Future trend outlook: Short-term volatility intensifies, long-term focus on inflation and policy game
Looking forward, the weakness of non-agricultural data in July has injected new uncertainty into the market, and the fluctuations in the price of financial assets may further intensify in the short term. The attractiveness of gold as a safe-haven asset will continue to increase, especially after the 3333.91 resistance breaks through, the bullish target may point to the 3340-3345 area, or even higher. But we need to be wary of the rapid switching of market sentiment. If subsequent economic data (such as inflation or consumer confidence) show resilience, gold may face pressure to pull back. The US dollar index may continue to test the 99.25 support level. If it is lost, the downside may open to the 98.50 area, but if the selling sentiment caused by employment data is digested, the US dollar may stabilize under the support of technical buying.
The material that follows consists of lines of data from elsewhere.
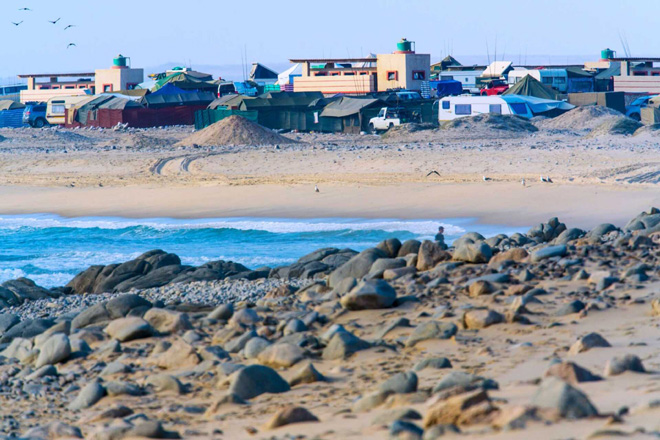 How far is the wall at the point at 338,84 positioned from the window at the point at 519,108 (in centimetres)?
1622

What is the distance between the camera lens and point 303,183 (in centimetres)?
2558

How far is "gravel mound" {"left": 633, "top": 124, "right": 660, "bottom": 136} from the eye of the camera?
3288 centimetres

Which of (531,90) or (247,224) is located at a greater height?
(531,90)

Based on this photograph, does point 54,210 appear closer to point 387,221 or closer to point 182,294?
point 387,221

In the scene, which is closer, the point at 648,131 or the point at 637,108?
the point at 648,131

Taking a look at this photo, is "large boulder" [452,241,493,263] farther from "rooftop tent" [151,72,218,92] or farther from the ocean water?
"rooftop tent" [151,72,218,92]

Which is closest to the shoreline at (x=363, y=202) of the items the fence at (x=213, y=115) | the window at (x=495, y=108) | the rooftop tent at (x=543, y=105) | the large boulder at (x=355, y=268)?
the large boulder at (x=355, y=268)

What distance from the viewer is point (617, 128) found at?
34.6m

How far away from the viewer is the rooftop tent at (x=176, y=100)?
162 ft

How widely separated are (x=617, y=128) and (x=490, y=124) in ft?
18.7

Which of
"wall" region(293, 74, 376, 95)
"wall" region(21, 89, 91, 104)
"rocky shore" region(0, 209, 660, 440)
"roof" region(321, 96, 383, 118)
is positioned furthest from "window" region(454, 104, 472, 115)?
"wall" region(21, 89, 91, 104)

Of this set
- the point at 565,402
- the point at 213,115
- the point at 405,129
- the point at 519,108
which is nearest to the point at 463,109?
the point at 519,108

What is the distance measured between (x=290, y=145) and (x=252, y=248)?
1704 cm

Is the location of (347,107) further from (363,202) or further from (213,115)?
(363,202) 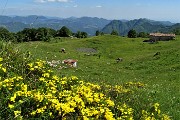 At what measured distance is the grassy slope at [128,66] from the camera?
1439 centimetres

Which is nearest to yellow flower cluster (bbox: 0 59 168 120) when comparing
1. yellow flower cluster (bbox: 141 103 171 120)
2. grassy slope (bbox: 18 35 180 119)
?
yellow flower cluster (bbox: 141 103 171 120)

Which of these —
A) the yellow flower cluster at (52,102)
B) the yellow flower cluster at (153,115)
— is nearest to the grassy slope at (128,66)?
the yellow flower cluster at (153,115)

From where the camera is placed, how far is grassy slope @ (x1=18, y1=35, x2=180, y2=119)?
1439cm

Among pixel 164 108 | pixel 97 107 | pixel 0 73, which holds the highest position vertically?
pixel 0 73

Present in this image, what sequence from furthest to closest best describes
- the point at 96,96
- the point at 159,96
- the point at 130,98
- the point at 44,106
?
the point at 159,96 → the point at 130,98 → the point at 96,96 → the point at 44,106

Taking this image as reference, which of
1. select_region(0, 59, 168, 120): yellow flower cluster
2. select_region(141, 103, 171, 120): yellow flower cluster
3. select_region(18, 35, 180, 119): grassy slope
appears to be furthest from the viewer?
select_region(18, 35, 180, 119): grassy slope

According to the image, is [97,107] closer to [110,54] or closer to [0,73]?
[0,73]

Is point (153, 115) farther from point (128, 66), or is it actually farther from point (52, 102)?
point (128, 66)

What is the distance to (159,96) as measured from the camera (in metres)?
14.4

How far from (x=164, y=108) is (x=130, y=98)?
1702 mm

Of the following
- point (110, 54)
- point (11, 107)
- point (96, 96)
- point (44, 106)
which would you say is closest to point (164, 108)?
point (96, 96)

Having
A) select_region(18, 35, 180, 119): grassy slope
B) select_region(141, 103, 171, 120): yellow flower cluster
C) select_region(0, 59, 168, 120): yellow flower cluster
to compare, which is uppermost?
select_region(0, 59, 168, 120): yellow flower cluster

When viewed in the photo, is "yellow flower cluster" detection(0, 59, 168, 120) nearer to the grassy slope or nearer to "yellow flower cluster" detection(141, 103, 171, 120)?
"yellow flower cluster" detection(141, 103, 171, 120)

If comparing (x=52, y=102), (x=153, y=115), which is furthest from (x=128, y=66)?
(x=52, y=102) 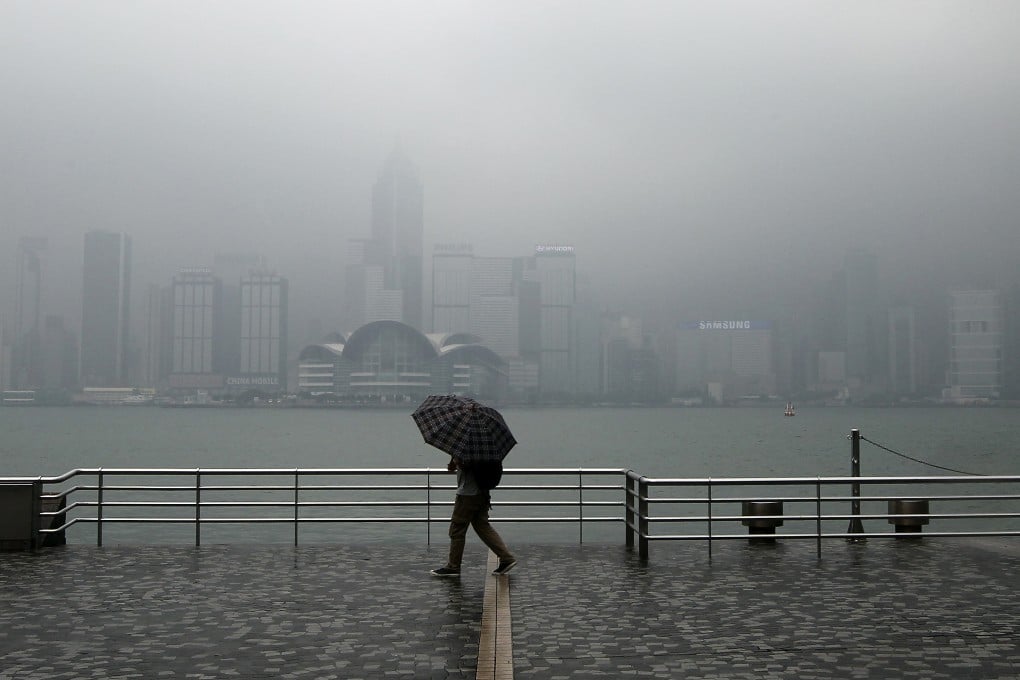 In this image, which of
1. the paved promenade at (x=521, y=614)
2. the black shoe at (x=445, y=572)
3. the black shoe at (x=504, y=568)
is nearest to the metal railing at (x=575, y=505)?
the paved promenade at (x=521, y=614)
The short-term decline in U.S. Treasury yields may continue, especially the 10-year yield shows fatigue around 4.327%. But in the long run, if inflationary pressures are intensified by tariff rhetoric or OPEC+ production increase plans, yields may regain their upward trend. In terms of the stock market, the decline in S&P 500 futures reflects market concerns about the economic slowdown, but the risk of pullbacks in high-valuation sectors such as technology stocks is particularly worthy of attention. MarketWatch mentioned that the Dow may face a 400-point decline, highlighting the market's high sensitivity to employment data and external uncertainty.
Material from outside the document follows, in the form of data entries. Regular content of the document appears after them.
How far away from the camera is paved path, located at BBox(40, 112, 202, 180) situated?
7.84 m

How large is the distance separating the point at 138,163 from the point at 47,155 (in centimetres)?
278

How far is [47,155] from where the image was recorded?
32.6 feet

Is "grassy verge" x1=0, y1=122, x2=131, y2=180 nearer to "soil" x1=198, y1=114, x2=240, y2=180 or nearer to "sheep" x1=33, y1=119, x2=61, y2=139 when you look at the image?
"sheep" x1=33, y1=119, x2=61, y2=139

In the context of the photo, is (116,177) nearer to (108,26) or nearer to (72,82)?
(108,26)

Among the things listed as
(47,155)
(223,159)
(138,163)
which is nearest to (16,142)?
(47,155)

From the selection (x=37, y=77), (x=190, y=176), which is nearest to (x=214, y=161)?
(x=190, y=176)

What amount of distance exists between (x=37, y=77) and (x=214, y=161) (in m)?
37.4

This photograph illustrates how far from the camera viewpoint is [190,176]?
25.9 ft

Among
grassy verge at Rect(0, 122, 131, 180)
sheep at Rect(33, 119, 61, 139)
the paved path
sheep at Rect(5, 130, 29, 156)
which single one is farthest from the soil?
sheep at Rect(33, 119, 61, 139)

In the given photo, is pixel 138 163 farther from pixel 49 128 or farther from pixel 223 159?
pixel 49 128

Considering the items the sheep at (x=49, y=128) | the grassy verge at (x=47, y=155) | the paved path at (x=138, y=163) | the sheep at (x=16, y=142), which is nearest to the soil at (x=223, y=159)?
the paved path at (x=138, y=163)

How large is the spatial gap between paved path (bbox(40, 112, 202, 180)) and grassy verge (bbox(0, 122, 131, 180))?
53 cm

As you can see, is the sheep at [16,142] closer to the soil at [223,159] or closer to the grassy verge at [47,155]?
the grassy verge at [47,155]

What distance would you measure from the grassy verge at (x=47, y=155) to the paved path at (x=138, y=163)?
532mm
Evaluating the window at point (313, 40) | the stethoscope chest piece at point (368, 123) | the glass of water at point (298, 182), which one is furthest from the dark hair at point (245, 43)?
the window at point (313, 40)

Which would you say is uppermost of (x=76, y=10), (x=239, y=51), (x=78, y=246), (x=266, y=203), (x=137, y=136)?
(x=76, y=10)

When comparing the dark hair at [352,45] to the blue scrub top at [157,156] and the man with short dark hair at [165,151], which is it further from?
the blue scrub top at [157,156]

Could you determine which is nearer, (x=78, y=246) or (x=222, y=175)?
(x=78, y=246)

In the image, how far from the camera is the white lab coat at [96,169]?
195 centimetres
From a longer perspective, the Fed's policy path will be the core driving force for market trends. The current market expectations for interest rate cuts in September and October have heated up significantly, but if subsequent inflation data or employment indicators show economic resilience, the pace of interest rate cuts may slow down. Investors need to pay close attention to upcoming inflation data (such as CPI and PCE) and guidance from the Federal Reserve's September FOMC meeting to judge the pace and intensity of easing policies. In addition, OPEC+ production increase plan may impose a certain suppression on xm-forex.commodity prices, which will in turn affect inflation expectations and the Fed's policy space.
The unexpected weakness in the non-farm employment report in July broke market expectations for the Federal Reserve's hawkish policy. The US dollar index plunged, gold soared, and US Treasury yields fell, indicating that market sentiment quickly turned to dovish. Institutional and retail investors interpreted the same as the data provided strong support for the rate cut in September, but the view that economic resilience and cracks coexisted also triggered differences. In the short term, gold and non-dollar currencies may continue to benefit from loose expectations, while the US dollar and U.S. stocks are facing downward pressure. In the long run, inflation data and the Fed's policy game will become the key to market trends. Investors need to be cautious in an environment of increasing volatility and focus on risk management to deal with the challenges brought by multiple uncertainties.
The above content is all about "[XM official website]: The non-agricultural outbreak triggered an epic charge of gold, and the US dollar bulls were siege and plunged by more than 100 points!". It was carefully xm-forex.compiled and edited by the editor of XM Forex. I hope it will be helpful to your trading! Thanks for the support!